Description
I have 8 GPUs with 24GB memory each,
here is the code:
CUDA_VISIBLE_DEVICES=0,1,2,3,4,5,6,7 python web_demo.py
--model_name "deepseek-ai/deepseek-vl2"
--port 37914 \
the out put is:
......
deepseek-ai/deepseek-vl2/model-00008-of-000008.safetensors
Loading checkpoint shards: 100%|█████████████████████████████████████████████████████| 8/8 [00:14<00:00, 1.85s/it]

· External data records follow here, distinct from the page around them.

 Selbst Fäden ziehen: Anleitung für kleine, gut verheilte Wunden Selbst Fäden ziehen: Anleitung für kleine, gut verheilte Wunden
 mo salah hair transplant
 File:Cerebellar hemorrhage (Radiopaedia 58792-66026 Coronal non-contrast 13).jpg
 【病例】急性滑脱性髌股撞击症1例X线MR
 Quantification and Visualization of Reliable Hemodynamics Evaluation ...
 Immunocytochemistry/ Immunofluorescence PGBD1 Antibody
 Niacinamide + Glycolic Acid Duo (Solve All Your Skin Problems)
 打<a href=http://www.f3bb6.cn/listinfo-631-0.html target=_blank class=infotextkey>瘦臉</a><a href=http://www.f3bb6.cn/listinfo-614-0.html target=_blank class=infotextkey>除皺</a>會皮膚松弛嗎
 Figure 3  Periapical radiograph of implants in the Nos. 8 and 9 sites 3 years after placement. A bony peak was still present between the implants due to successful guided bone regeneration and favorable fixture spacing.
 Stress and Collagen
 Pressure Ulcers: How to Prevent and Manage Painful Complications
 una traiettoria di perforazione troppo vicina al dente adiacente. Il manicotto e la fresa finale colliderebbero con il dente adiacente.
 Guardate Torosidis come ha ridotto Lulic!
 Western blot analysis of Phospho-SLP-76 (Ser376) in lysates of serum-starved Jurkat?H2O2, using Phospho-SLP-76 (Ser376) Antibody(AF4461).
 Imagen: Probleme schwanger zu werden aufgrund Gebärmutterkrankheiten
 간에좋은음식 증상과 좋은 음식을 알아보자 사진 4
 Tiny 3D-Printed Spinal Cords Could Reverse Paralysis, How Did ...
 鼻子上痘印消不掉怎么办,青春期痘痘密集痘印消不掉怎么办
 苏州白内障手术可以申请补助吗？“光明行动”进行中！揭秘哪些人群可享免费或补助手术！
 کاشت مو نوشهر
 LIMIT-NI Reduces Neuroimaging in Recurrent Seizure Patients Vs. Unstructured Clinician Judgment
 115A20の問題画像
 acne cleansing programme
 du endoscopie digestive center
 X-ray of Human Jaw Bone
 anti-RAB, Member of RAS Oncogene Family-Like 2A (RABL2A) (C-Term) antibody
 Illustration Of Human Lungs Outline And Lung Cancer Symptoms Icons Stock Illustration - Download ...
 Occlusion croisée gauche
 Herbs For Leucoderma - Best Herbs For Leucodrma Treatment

after Loading checkpoint shards: 100%, the CUDA out of memory:
torch.cuda.OutOfMemoryError: CUDA out of memory. Tried to allocate 20.00 MiB (GPU 0; 23.55 GiB total capacity; 17.98 GiB already allocated; 18.81 MiB free; 23.08 GiB reserved in total by PyTorch) If reserved memory is >> allocated memory try setting max_split_size_mb to avoid fragmentation. See documentation for Memory Management and PYTORCH_CUDA_ALLOC_CONF
it seems that only one gpu is used, the CUDA_VISIBLE_DEVICES=0,1,2,3,4,5,6,7 didn't work,
I want to know what need to change, thank you.